Sanktionen. Seit Ende vergangenen Jahres ist Putin mit derartigen Aktionen auch rechtlich auf der sicheren Seite. Knapp vor Silvester unterzeichnete er rasch noch ein Gesetz, das ihm erlaubt, „spezielle Wirtschaftsmaßnahmen“ – sprich: Sanktionen – als Reaktion auf „unfreundliches Verhalten eines ausländischen Staates“ zu verhängen.

Das lässt neuen Zoff erwarten. Zumal sich der russische Präsident vom Westen, der ihm die Hauptverantwortung an der Ölkrise zuspricht, ungerecht behandelt fühlt. In seinem Heimatland wird er darin bestärkt – selbst von unabhängigen Politologen wie Boris Makarenko: „Lukaschenko will selbstständig sein, aber Öl und Gas zu sowjetischen Bruderschaftspreisen beziehen – das ist doch vollkommen unlogisch.“ Putin sei im Recht, so der Politologe weiter. „Wer westliche Marktwirtschaft will, muss den Preis dafür zahlen.“

Tatsächlich hat Weißrussland mit dem Billigöl aus dem Osten in den vergangenen Jahren hohe Gewinne erzielt. Seit dem Zerfall der UdSSR war Langzeit-Autokrat Alexander Lukaschenko vom Kreml gehätschelt und remuneriert worden. Er bekam Gas und Öl zum günstigen russischen Inlandstarif. Dadurch sparte sich Weißrussland gegenüber Einkäufen am Weltmarkt pro Jahr rund zwei Milliarden Dollar.

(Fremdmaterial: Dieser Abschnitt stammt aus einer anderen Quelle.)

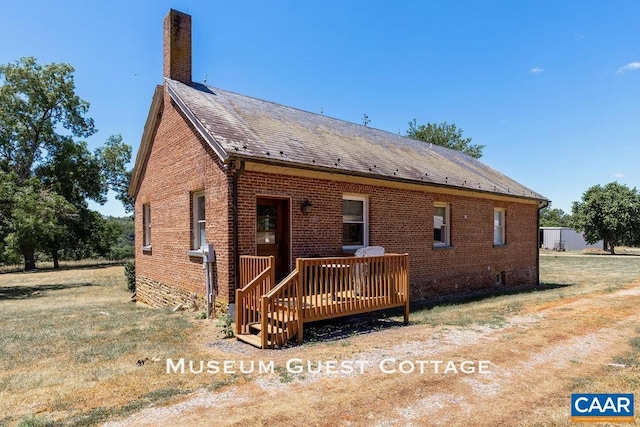 rear view of house featuring a wooden deck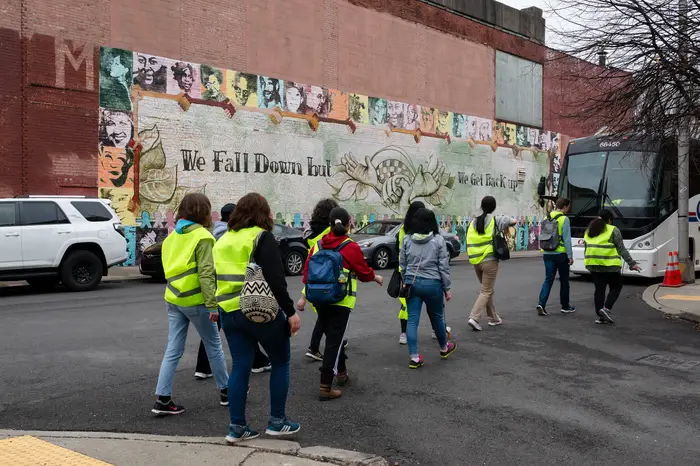 students walking to bus in front of large mural on side of building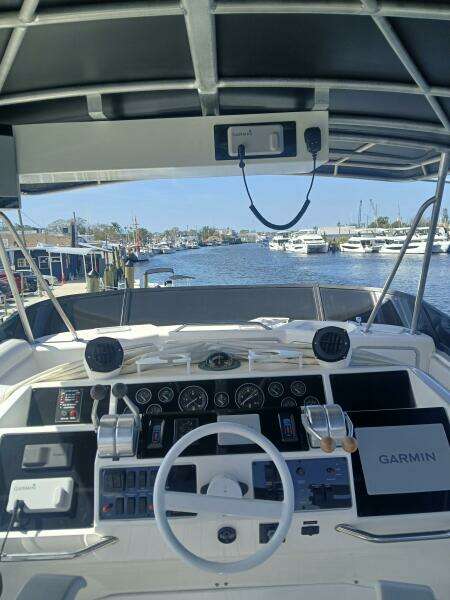 1997 Sea Ray 550 Sedan Bridge helm with Garmin navigation, docked at marina.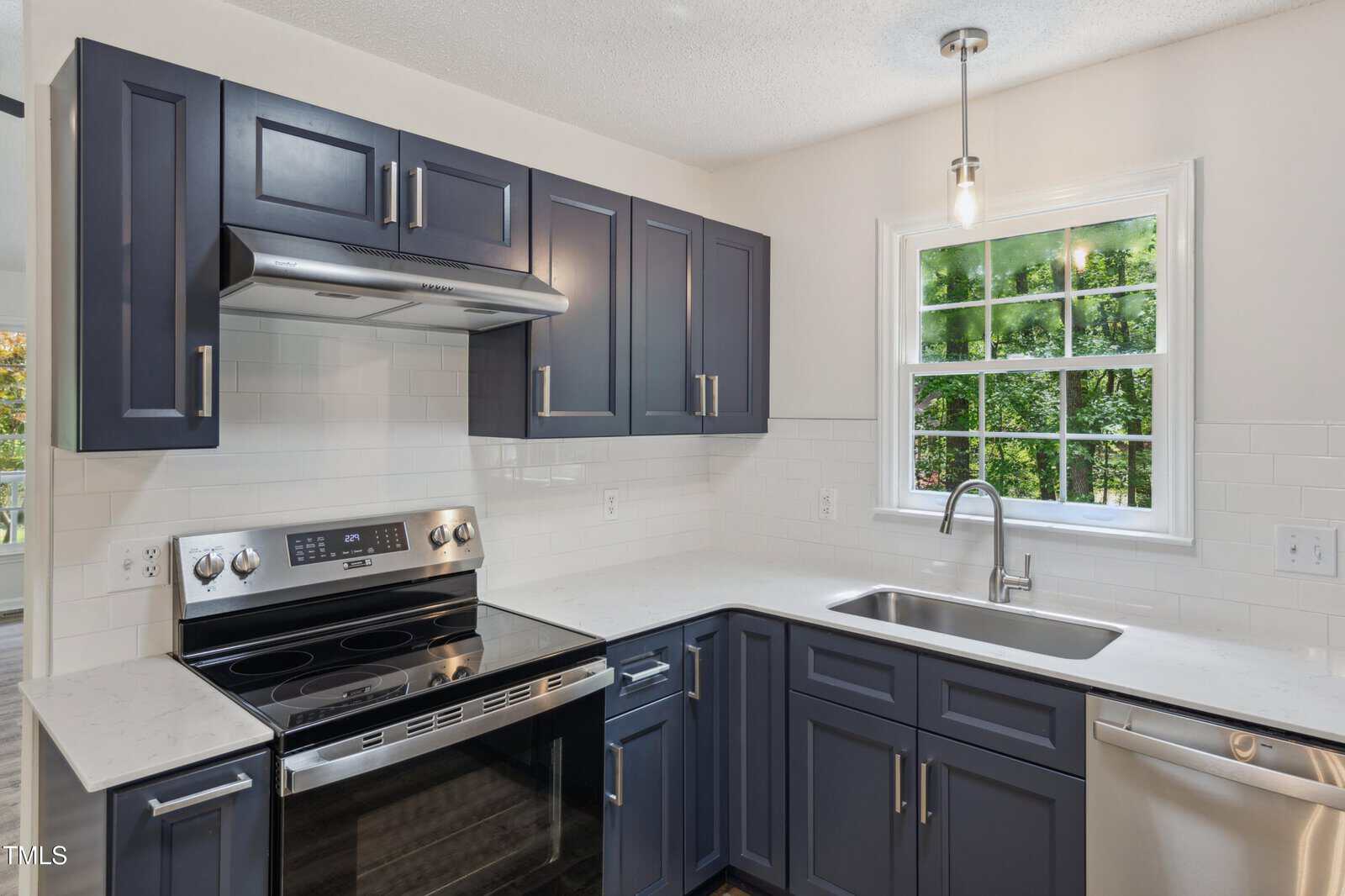 Modern kitchen with navy blue cabinets, stainless steel appliances, white subway tile backsplash, a single-basin sink under a window, and quartz countertops. Natural light streams through the window, illuminating the space.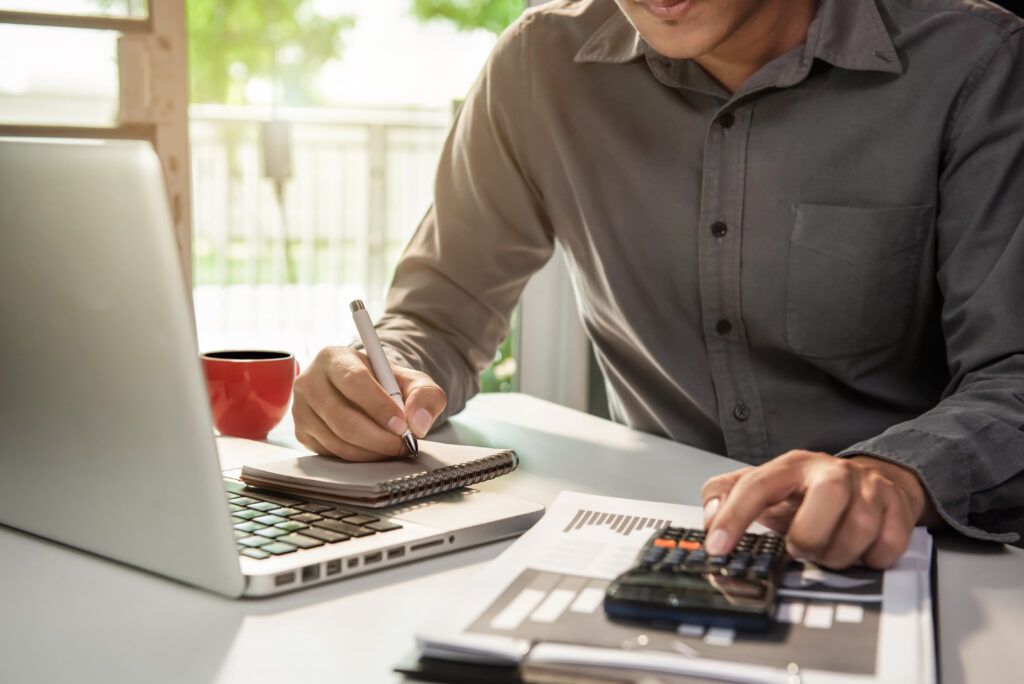 Hombre calculando el presupuesto de ahorro energético con una calculadora y tomando notas en un despacho luminoso.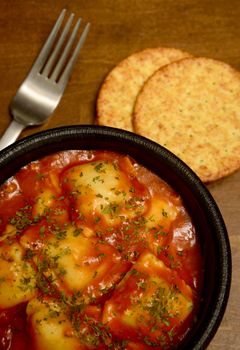 cheese ravioli with crackers and fork in rustic italian setting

Dazu kamen Profite aus der Produktion von Benzin und Diesel, die in einer hochmodernen Raffinerie direkt an der Druschba hergestellt und nach Europa exportiert wurden. Nach einer Mitte der neunziger Jahre geschlossenen Vereinbarung hätte Weißrussland 85 Prozent dieser Gewinne eigentlich an Moskau refundieren müssen. Darauf wurde aber ab der Jahrtausendwende stillschweigend vergessen. Inzwischen kühlte das Verhältnis zwischen Moskau und Minsk aber rasant ab. Hintergrund: Russland würde sich seinen kleinen westlichen Nachbarn gerne einverleiben. Der weigert sich aber (siehe Kasten Seite 61).

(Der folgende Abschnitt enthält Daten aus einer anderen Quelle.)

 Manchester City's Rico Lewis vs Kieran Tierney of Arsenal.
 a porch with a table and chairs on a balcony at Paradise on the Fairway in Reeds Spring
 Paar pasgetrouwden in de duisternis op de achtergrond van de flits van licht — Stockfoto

In den vergangenen Jahren hatte Russland immer wieder auf eine Neuverhandlung der Energiepreise gedrängt. Die Verhandlungen stockten jedoch – und eskalierten im vergangenen November in einen Streit zwischen Putin und Lukaschenko, der damit endete, dass der Weißrusse das gemeinsame Abendessen platzen ließ und wutentbrannt vorzeitig abreiste.

Zum Jahreswechsel 2006/2007 akzeptierte Lukaschenko nach zähen Verhandlungen zähneknirschend die Verdoppelung des Gaspreises, mit 100 Dollar im Vergleich zu anderen Kunden noch immer eine Okkasion (siehe Kasten Seite 59). Was er glaubte, nicht akzeptieren zu können: dass ihm Russland auch noch 180 Dollar Zoll pro Tonne geliefertes Erdöl aufbrummen wollte. Im Gegenzug wollte Lukaschenko nun von den Russen 45 Dollar Durchleitungsgebühr pro Tonne einheben. Zudem dürften seine Ölmanager in den Tagen vor der Blockade beträchtliche Mengen Rohöl abgezweigt haben – quasi als Entschädigung für die höheren Preise.

Stillgelegt. Der Rest ist bekannt: „Freundschaft“ stillgelegt, die EU erbost. Nicht nur in Weißrussland, auch in Polen, Ungarn, der Slowakei und Deutschland versiegte der Nachschub.

„Inakzeptabel“ nannte Kommissionspräsident Jose Manuel Barroso die Vorgangsweise der Russen. „Konsultationen sind das Mindeste, wenn es Schwierigkeiten gibt“, mahnte Merkel. „Es wird endlich Zeit, dass die EU-Kommission der russischen Herausforderung frontal entgegentritt und zeigt, dass es ihr mit der Sicherung der europäischen Energiezukunft ernst ist“, fordert Robert Amsterdam, Anwalt des in Sibirien inhaftierten Michail Chodorkowski – jenes Ex-Oligarchen, dessen Ölunternehmen Yukos von der Kreml-Führung zerschlagen und dem Staatsvermögen einverleibt worden war.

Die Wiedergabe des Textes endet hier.